How do you mean two-faced?

I mean he does seem to want to support the idea of diversity and sees it as something positive but then undermines it at the same time, by hanging on to the idea of immigrants being a problem. On immigration, he takes on and speaks to the issues that have been consistently raised by the Tories and the Tory press. He sings from the same hymn-sheet. So his starting points are all defensive – yes we got it wrong on immigration, too many immigrants can undercut wages and exclude British workers from the job market, we have to get over the fact that Britishers can be disadvantaged. And the valid point he makes – that everyone should benefit from immigration, but that has not happened – gets lost because he shies away from the actual class and economic issues that this throws up. It is true that it has been the working class that has not benefited from migration but he has no philosophy, no overarching vision of society in the global age which could provide a framework for fundamental new programmes. He wants to speak up for the working class but has not got over the consensus politics of Blair, he is agreeing essentially on the Tory immigration policy and quarrels with its implementation but not the policy itself. He has no overall policy to speak of. Quite simply Labour has no ideology (to use a bad word) whereas the Tories have ideology coursing through their veins: it is a part of their collective unconscious.

Hence Miliband sees the working-class aspect of immigration when it comes to the competition for jobs, housing, education etc but when it comes to immigrant workers coming in, he no longer sees them as part of the class – they are ‘immigrants’, outsiders set apart. What he should be talking about is how to increase the stock of housing, the educational infrastructure, the health service for the whole working class – which includes immigrants. That would be true integration, true Labour. But as it is, globalisation and free market economics determine the dynamics of immigration and submit what is left of the welfare state to privatisation and the market.[1]

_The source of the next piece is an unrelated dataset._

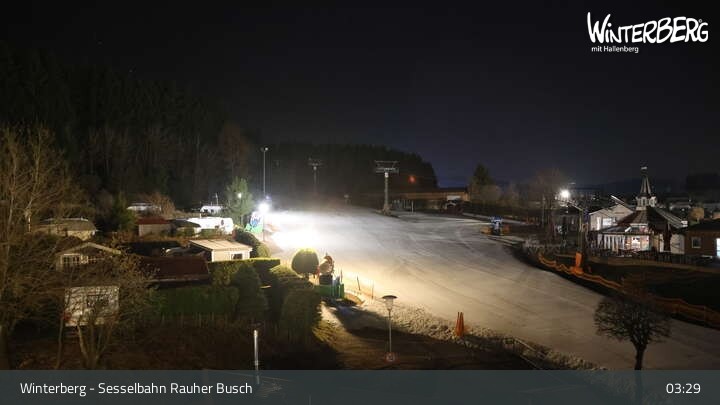 Archiv Foto Webcam Winterberg: Blick auf die Sesselbahn "Rauher Busch"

But wouldn’t that predicate a completely different economic policy?

Yes but that is exactly why Miliband’s piecemeal efforts are bound to fail, as austerity politics are bound to fail. In a recession I would have thought it obvious that we need Keynesian policies of investment and growth and control over the market. In the final analysis, a free market means an unfree people.


[1] A.Sivanandan, ‘The market state vs the good society’, Race & Class, Vol, 54, no.3, 2013.


The Institute of Race Relations is precluded from expressing a corporate view: any opinions expressed are therefore those of the authors.